Borrell schlägt in diesem zweiten Bereich der Einschränkung vor, auch den „Hebel“ des Wandels in der EU-Energieversorgung gegenüber dem wichtigen Öl- und Gasexporteur Russland zu nutzen. Konkret blieb er aber hier vage. Auf eine Frage nach der russisch-deutschen Pipeline Nord Stream 2 sagte der Spanier, es sei „kein europäisches Projekt“ und trage nicht zum Ziel der Diversifizierung der Energiequellen der EU bei.

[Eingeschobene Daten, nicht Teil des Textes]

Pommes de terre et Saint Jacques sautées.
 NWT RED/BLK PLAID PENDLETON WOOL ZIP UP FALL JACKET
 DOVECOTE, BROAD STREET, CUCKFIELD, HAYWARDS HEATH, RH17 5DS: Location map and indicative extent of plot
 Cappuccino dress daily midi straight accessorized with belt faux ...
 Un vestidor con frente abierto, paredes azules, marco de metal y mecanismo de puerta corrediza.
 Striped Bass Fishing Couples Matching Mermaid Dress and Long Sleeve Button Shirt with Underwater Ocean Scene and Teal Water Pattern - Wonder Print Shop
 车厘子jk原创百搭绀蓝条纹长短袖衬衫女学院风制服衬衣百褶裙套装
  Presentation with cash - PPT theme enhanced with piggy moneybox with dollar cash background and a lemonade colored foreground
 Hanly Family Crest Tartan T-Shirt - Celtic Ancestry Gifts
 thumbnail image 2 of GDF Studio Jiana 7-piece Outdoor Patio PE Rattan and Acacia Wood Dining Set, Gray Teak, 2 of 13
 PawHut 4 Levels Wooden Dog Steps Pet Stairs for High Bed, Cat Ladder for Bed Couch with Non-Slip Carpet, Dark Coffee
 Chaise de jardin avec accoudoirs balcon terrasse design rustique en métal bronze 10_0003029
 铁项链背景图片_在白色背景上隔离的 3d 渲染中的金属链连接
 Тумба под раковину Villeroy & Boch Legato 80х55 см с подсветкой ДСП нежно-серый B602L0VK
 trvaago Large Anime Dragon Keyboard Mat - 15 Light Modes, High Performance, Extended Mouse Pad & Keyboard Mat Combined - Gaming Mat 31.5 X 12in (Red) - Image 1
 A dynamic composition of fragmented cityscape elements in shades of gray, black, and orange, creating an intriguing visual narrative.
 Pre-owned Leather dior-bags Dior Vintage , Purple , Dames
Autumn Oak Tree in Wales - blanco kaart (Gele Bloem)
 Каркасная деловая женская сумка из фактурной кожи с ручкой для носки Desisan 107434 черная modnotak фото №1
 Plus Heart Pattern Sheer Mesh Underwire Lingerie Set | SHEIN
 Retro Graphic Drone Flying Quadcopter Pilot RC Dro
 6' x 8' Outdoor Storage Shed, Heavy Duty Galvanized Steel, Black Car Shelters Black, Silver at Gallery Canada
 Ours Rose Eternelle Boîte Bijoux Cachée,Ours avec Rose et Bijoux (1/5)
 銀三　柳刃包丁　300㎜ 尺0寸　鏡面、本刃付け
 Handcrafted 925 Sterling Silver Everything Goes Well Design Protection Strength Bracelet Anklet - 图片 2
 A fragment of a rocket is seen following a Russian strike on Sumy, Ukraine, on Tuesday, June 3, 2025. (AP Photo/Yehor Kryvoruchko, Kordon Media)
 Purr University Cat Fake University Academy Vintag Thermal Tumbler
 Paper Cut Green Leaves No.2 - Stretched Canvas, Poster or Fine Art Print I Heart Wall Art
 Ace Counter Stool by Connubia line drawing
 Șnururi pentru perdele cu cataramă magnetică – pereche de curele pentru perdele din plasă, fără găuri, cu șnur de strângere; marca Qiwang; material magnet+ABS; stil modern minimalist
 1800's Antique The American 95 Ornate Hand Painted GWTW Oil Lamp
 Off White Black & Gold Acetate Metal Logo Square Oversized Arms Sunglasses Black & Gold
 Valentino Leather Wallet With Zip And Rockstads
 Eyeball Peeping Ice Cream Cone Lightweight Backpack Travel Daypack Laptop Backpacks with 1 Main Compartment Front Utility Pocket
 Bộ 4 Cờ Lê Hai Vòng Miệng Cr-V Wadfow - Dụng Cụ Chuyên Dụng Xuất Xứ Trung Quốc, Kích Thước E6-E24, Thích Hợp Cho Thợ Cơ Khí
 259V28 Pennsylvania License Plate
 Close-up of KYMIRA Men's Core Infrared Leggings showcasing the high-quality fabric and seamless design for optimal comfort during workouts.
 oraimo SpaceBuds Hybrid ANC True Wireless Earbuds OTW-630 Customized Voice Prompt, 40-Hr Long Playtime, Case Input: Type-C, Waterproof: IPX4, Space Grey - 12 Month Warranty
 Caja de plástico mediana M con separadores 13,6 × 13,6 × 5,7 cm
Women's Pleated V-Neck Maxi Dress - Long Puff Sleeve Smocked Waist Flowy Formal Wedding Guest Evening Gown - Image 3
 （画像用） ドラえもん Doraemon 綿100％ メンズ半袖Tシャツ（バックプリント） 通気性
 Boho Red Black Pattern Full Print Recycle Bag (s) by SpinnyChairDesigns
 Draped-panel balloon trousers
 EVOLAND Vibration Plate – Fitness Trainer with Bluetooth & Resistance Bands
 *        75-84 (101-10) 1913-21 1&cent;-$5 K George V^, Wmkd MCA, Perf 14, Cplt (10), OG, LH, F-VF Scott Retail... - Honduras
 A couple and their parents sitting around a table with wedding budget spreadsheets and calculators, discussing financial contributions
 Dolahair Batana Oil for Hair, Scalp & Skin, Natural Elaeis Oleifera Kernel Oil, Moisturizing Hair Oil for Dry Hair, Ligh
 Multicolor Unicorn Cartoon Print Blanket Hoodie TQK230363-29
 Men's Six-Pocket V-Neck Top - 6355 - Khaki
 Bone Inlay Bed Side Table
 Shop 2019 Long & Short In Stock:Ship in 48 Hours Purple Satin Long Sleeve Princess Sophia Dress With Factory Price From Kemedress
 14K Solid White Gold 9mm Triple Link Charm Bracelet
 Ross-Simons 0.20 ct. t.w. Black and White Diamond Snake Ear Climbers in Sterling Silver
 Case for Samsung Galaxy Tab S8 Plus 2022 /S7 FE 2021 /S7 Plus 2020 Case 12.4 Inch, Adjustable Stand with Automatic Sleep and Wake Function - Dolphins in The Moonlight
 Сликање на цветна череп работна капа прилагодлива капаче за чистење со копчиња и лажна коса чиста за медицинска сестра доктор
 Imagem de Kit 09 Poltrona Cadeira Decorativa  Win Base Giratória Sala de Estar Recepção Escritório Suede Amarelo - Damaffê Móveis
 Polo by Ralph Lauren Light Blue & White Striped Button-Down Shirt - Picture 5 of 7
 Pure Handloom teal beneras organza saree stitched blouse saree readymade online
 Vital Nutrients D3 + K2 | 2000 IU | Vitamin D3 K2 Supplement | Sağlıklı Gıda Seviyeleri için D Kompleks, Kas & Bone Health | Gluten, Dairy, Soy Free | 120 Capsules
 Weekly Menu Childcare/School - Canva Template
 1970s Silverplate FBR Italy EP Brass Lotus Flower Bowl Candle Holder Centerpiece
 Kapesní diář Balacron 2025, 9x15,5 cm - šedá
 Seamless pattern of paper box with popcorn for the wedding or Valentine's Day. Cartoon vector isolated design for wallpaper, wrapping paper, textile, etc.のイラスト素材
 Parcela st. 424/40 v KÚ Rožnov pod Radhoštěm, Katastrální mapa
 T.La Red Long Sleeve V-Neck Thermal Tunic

Einbinden will Borrell Russland unterdessen in „Schlüsselbereichen“, die für die EU von Interesse sind. Er nannte den Kampf gegen den Klimawandel oder die Atomgespräche mit dem Iran. Er lehnte es aber ab, an diese Fragen vorab Bedingungen aus anderen Bereichen zu knüpfen. „Russland ist ein notwendiger Akteur und manchmal ist es unvermeidlich, mit ihm zu sprechen.“
Wegen des Ukraine-Konflikts hat die EU seit 2014 umfassende Sanktionen gegen Russland verhängt. Sie brachten Präsident Wladimir Putin aber nicht zum Einlenken.
In den vergangenen Wochen wuchsen die Spannungen im beiderseitigen Verhältnis – so reagierte Moskau etwa auf europäische Sanktionen wegen der Inhaftierung des Kreml-Kritikers Alexej Nawalny seinerseits mit Sanktionen gegen EU-Vertreter.
Die Staats- und Regierungschefs hatten Borrell im Mai aufgefordert, beim Juni-Gipfel „Handlungsoptionen“ für das weitere Verhältnis zu Russland zu präsentieren. Borrells Vorschläge sollen nun von den Mitgliedstaaten bewertet und gegebenenfalls angepasst werden.